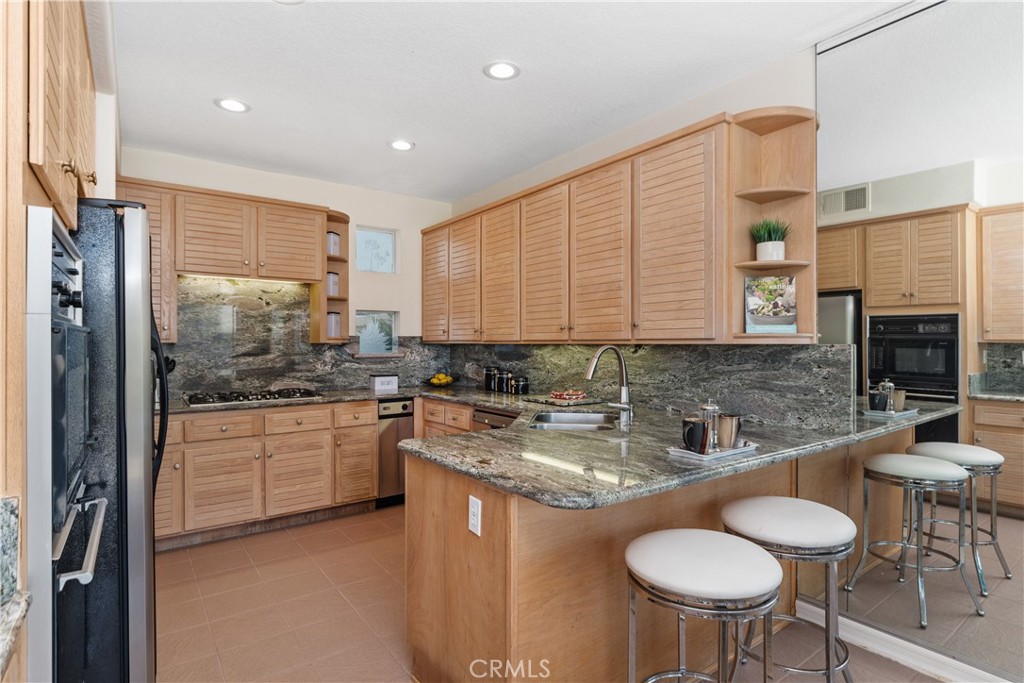 Long Beach, California, 90803, United States, 3 Bedrooms Bedrooms, ,3 BathroomsBathrooms,Residential,For Sale,1989113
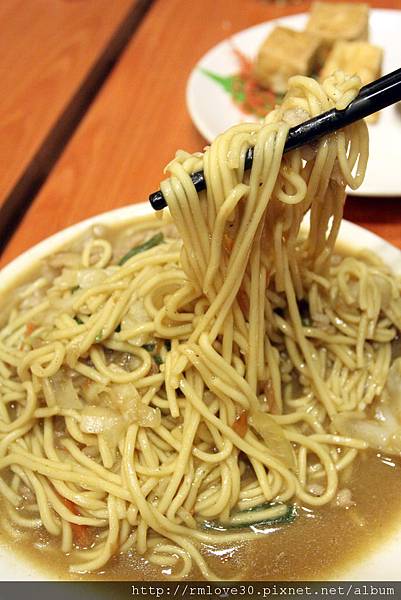 長安東路‧味香量少臨洋港熱炒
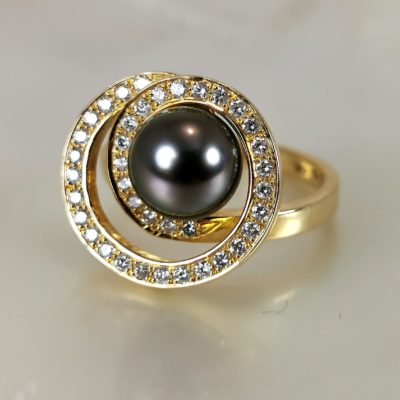 bague or 18k diamants et perle de Tahiti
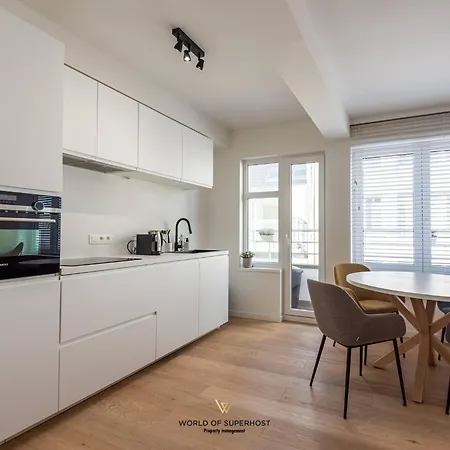 בית נופש Bright Near The Sea And The Marina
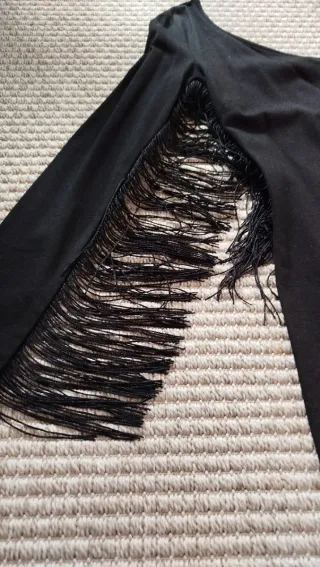 Nuevo vestido negro elegante con flecos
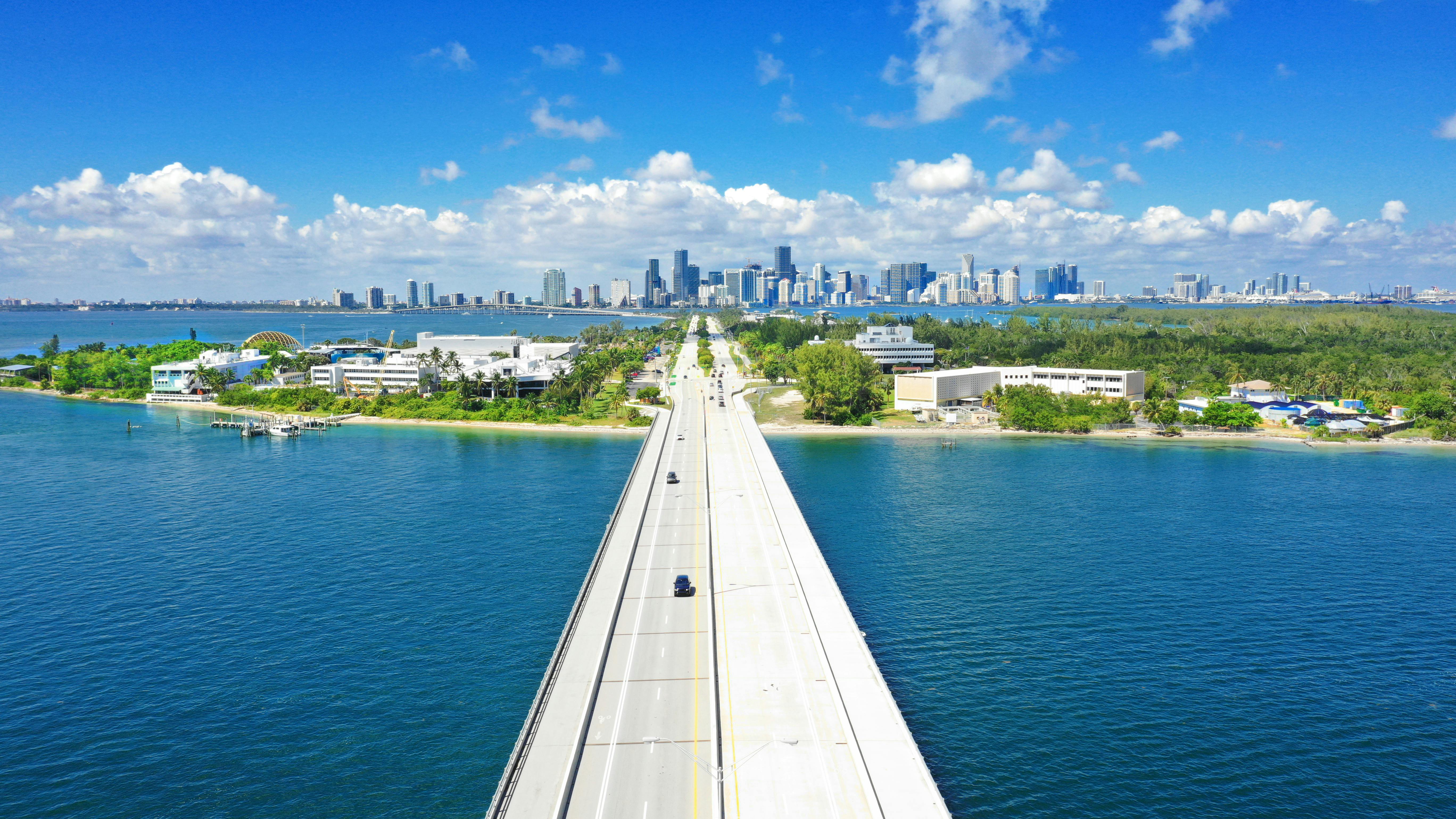image of rickenbacker causeway - Miami local experience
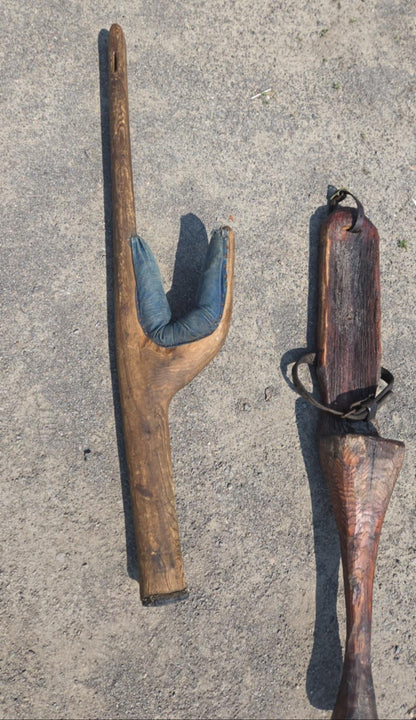 Jambes de bois antiques datant du 19e siècle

----

What you will do: What you return must match the material above exactly, apart from its pictures.

Answer to this exercise:
 Long Beach, California, 90803, United States, 3 Bedrooms Bedrooms, ,3 BathroomsBathrooms,Residential,For Sale,1989113
 長安東路‧味香量少臨洋港熱炒
 bague or 18k diamants et perle de Tahiti
 בית נופש Bright Near The Sea And The Marina
 Nuevo vestido negro elegante con flecos
image of rickenbacker causeway - Miami local experience
 Jambes de bois antiques datant du 19e siècle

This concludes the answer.